WHAT IS REQUIRED: With the exception of the pictures, write out the data below precisely.

----- RECORDED DATA -----

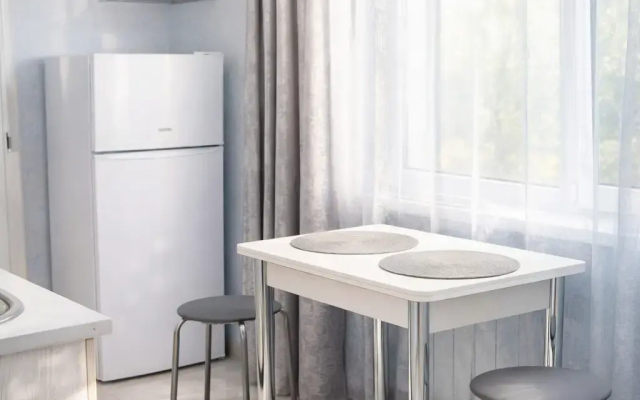 Однокомнатная квартира около администрации ШикаЛад КМВ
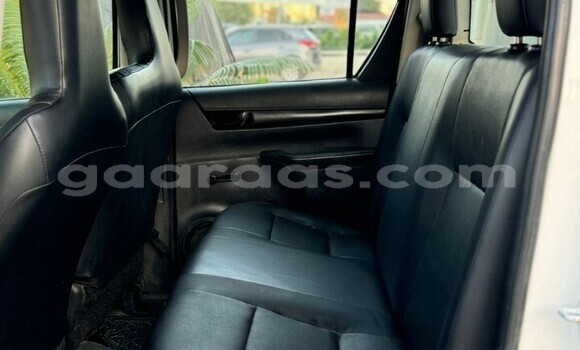 Buy Used Toyota Hilux White Car in Dakar in Dakar Buy Used Toyota Hilux White Car in Dakar in Dakar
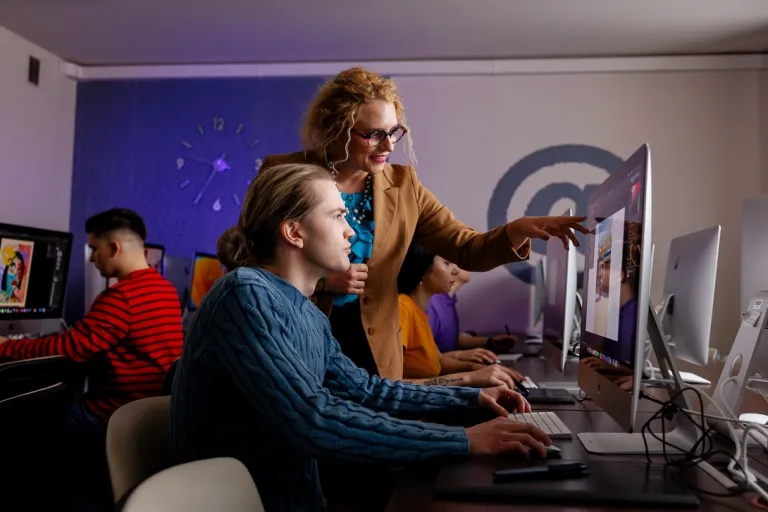 Uczenie maszynowe w transformacji cyfrowej biznesu | Studia I stopnia w Chorzowie | Uniwersytet WSB Merito Chorzów: studenci podczas ćwiczeń z grafiki komputerowej
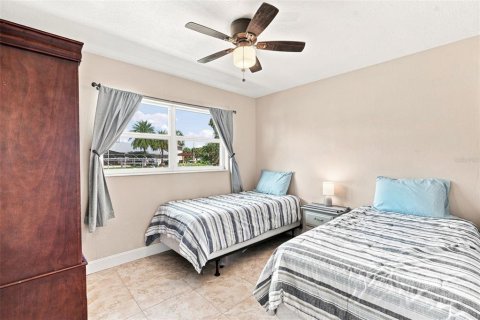 Villa ou maison à vendre à Punta Gorda, Floride: 3 chambres, 100.71 m2 № 2330971 - photo 24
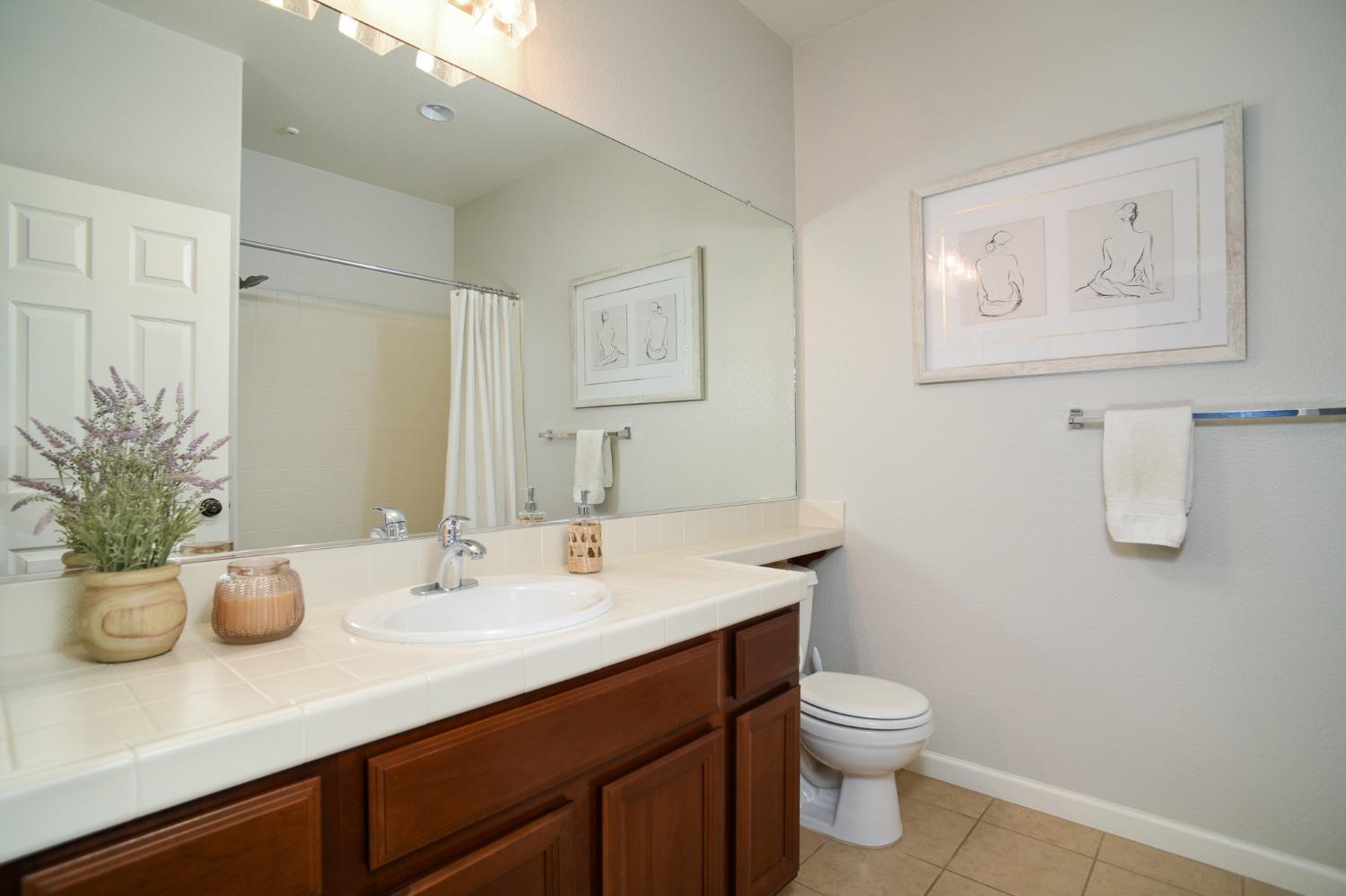 Detail Gallery Image 17 of 31 For 421 Anchor Ln #206,  West Sacramento,  CA 95605 - 2 Beds | 2 Baths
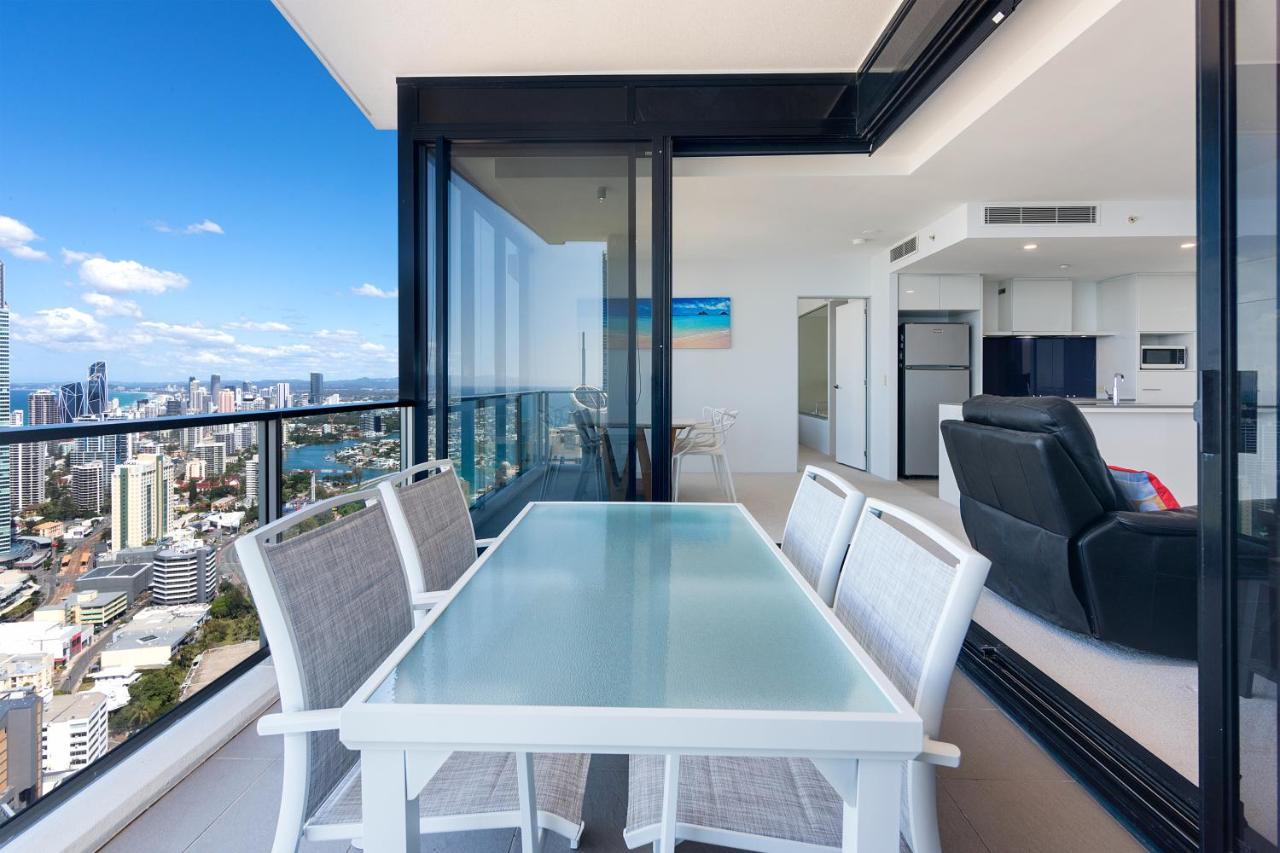 Circle On Cavill - Hosted By Coastal Letting Apartment Gold Coast Exterior photo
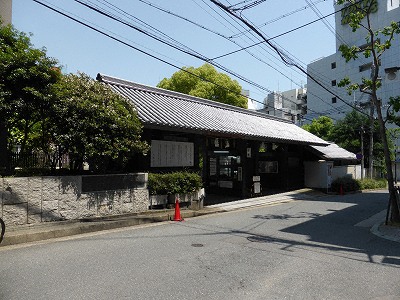 生田神社西門（駐車場入口）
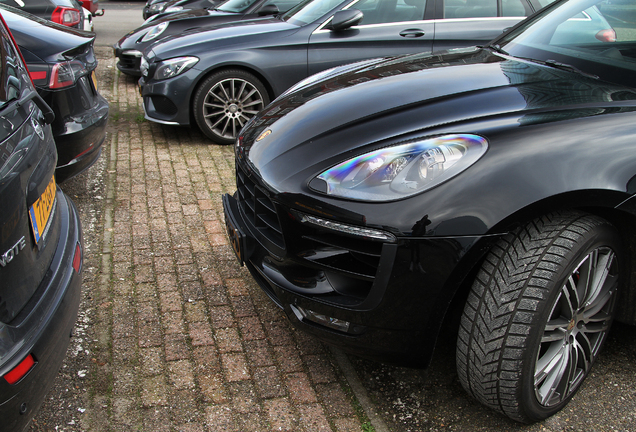 Porsche 95B Macan GTS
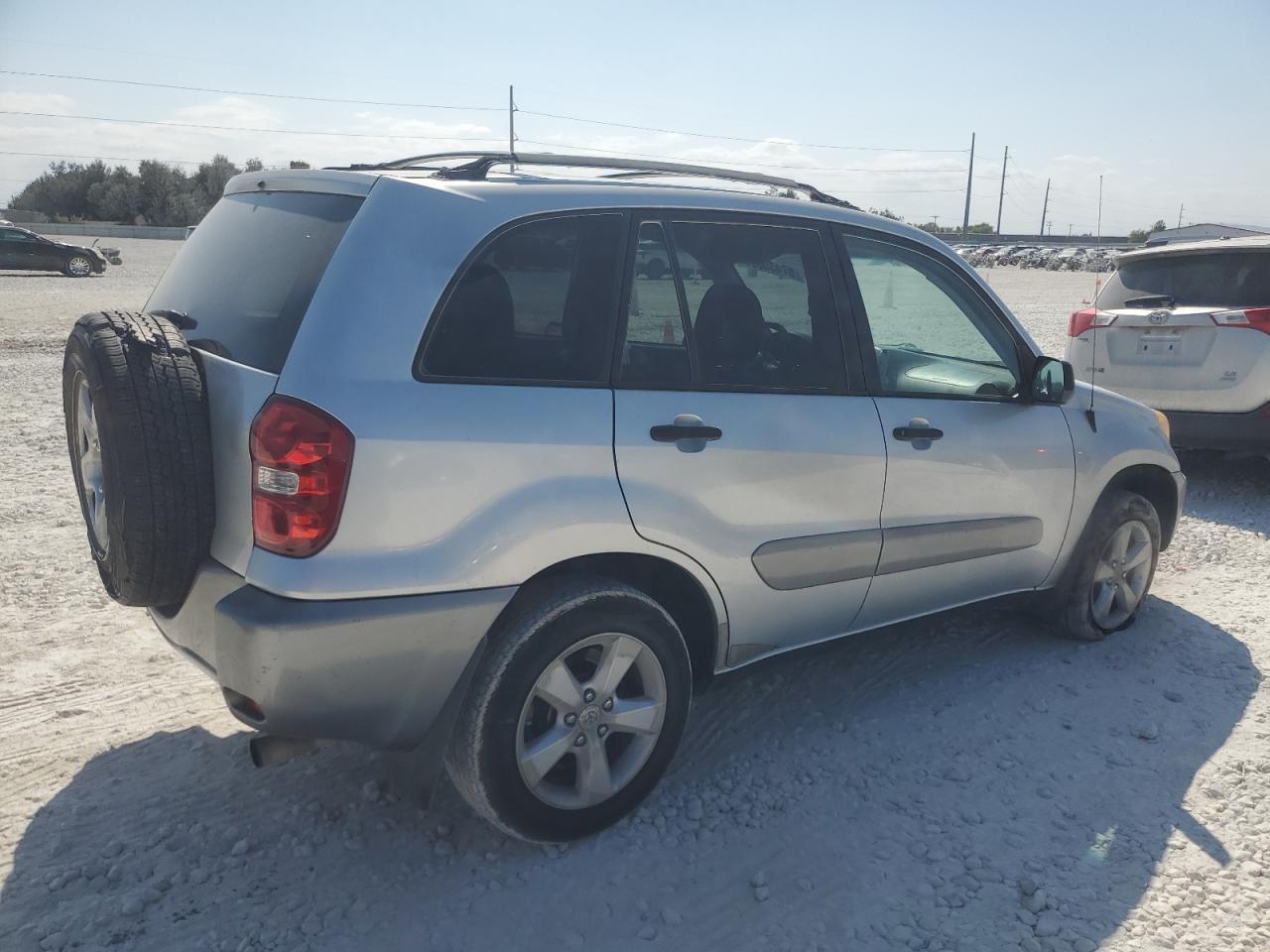 2004 TOYOTA RAV4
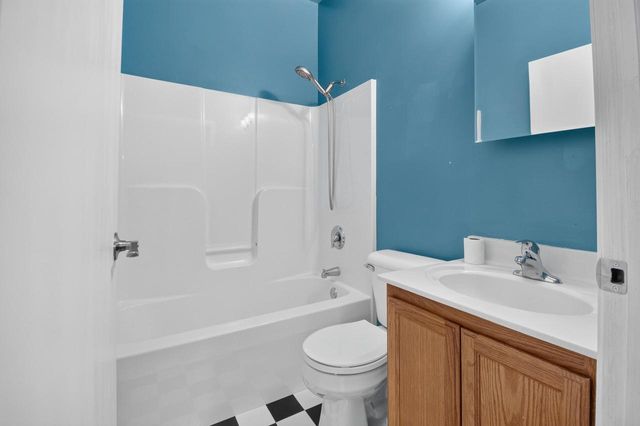 979 Rhyners LANE, Twin Lakes, WI 53181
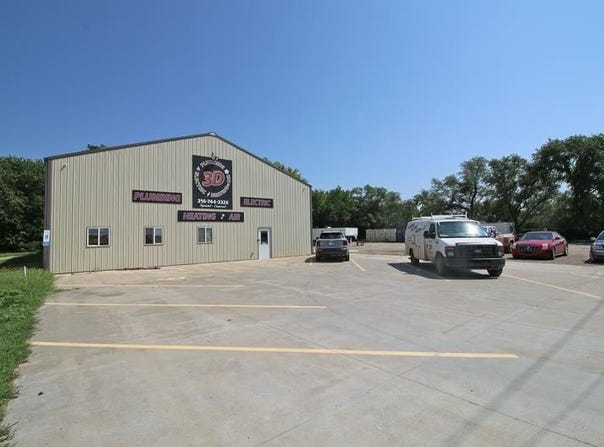 6960 N Broadway Ave, Park City, KS 67219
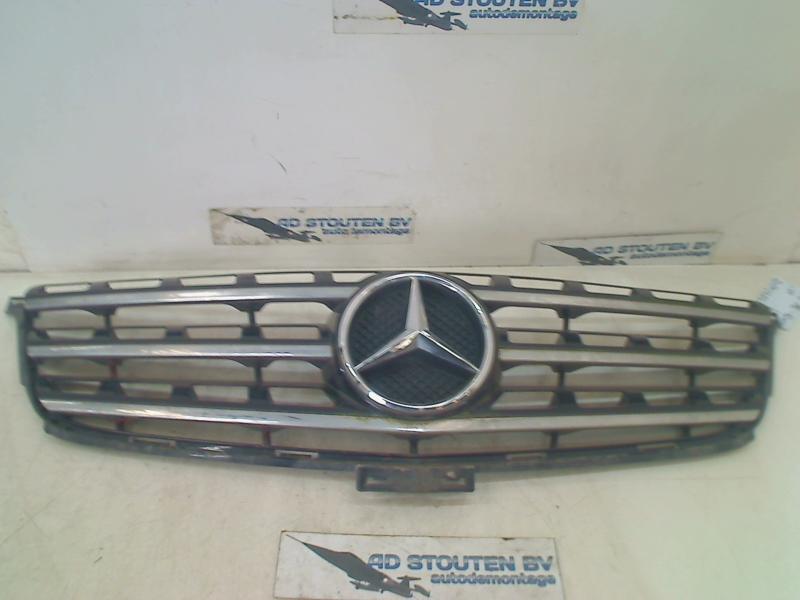 Grille + logo Mercedes-Benz ML III (166) (2011-06/2015-02), Gebruikt, Mercedes-Benz AG, Mercedes-Benz, Mercedesstraße 120, Stuttgart 70372, , Duitsland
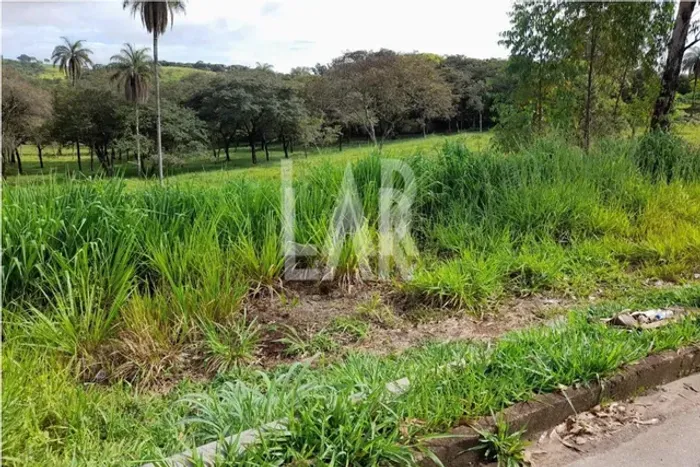 Lote - Terreno à venda, Centro - Juatuba/MG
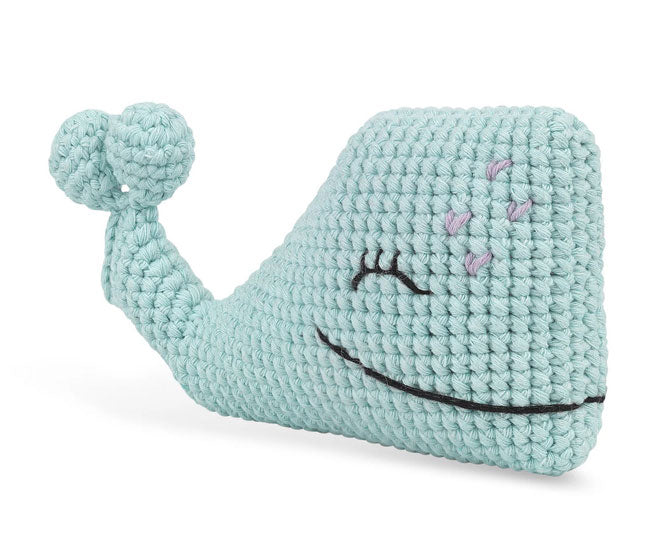 Splashy the Whale Amigurumi Kit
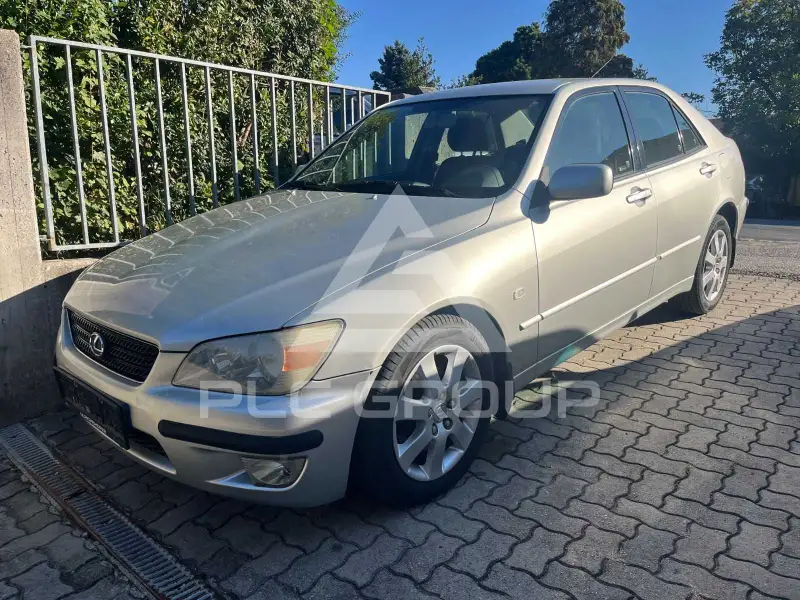2003 Lexus IS200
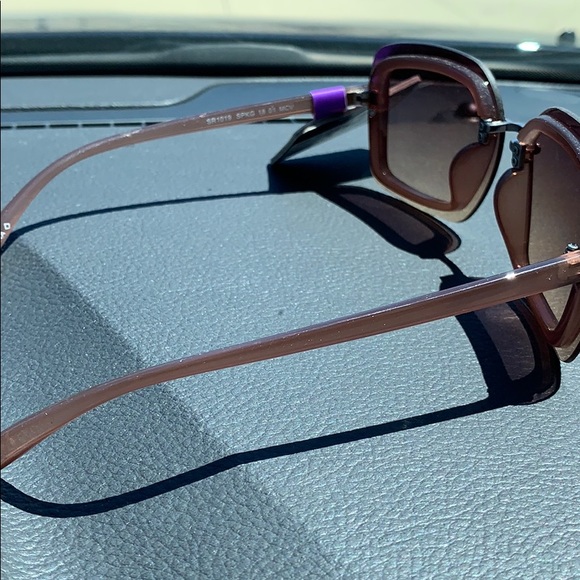 Foster Grant sunglasses 🕶 😎 - Picture 4 of 6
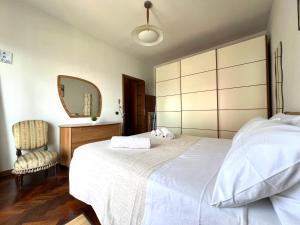 Ένα ή περισσότερα κρεβάτια σε δωμάτιο στο La casa degli archi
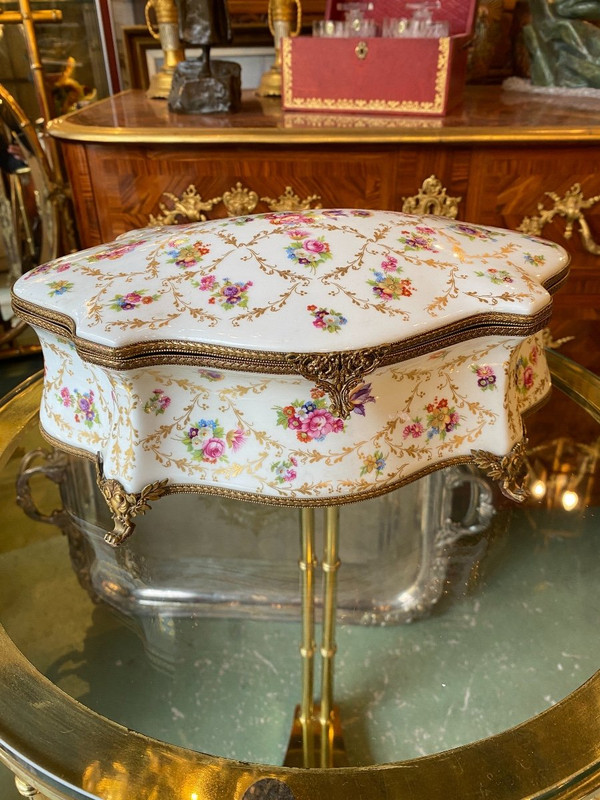 Scatola in porcellana di Limoges, montatura in ottone, XX secolo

-----

COMPLETED TASK:
 Однокомнатная квартира около администрации ШикаЛад КМВ
 Buy Used Toyota Hilux White Car in Dakar in Dakar Buy Used Toyota Hilux White Car in Dakar in Dakar
 Uczenie maszynowe w transformacji cyfrowej biznesu | Studia I stopnia w Chorzowie | Uniwersytet WSB Merito Chorzów: studenci podczas ćwiczeń z grafiki komputerowej
 Villa ou maison à vendre à Punta Gorda, Floride: 3 chambres, 100.71 m2 № 2330971 - photo 24
 Detail Gallery Image 17 of 31 For 421 Anchor Ln #206,  West Sacramento,  CA 95605 - 2 Beds | 2 Baths
 Circle On Cavill - Hosted By Coastal Letting Apartment Gold Coast Exterior photo
 生田神社西門（駐車場入口）
 Porsche 95B Macan GTS
 2004 TOYOTA RAV4
 979 Rhyners LANE, Twin Lakes, WI 53181
 6960 N Broadway Ave, Park City, KS 67219
 Grille + logo Mercedes-Benz ML III (166) (2011-06/2015-02), Gebruikt, Mercedes-Benz AG, Mercedes-Benz, Mercedesstraße 120, Stuttgart 70372, , Duitsland
 Lote - Terreno à venda, Centro - Juatuba/MG
 Splashy the Whale Amigurumi Kit
2003 Lexus IS200
 Foster Grant sunglasses 🕶 😎 - Picture 4 of 6
 Ένα ή περισσότερα κρεβάτια σε δωμάτιο στο La casa degli archi
 Scatola in porcellana di Limoges, montatura in ottone, XX secolo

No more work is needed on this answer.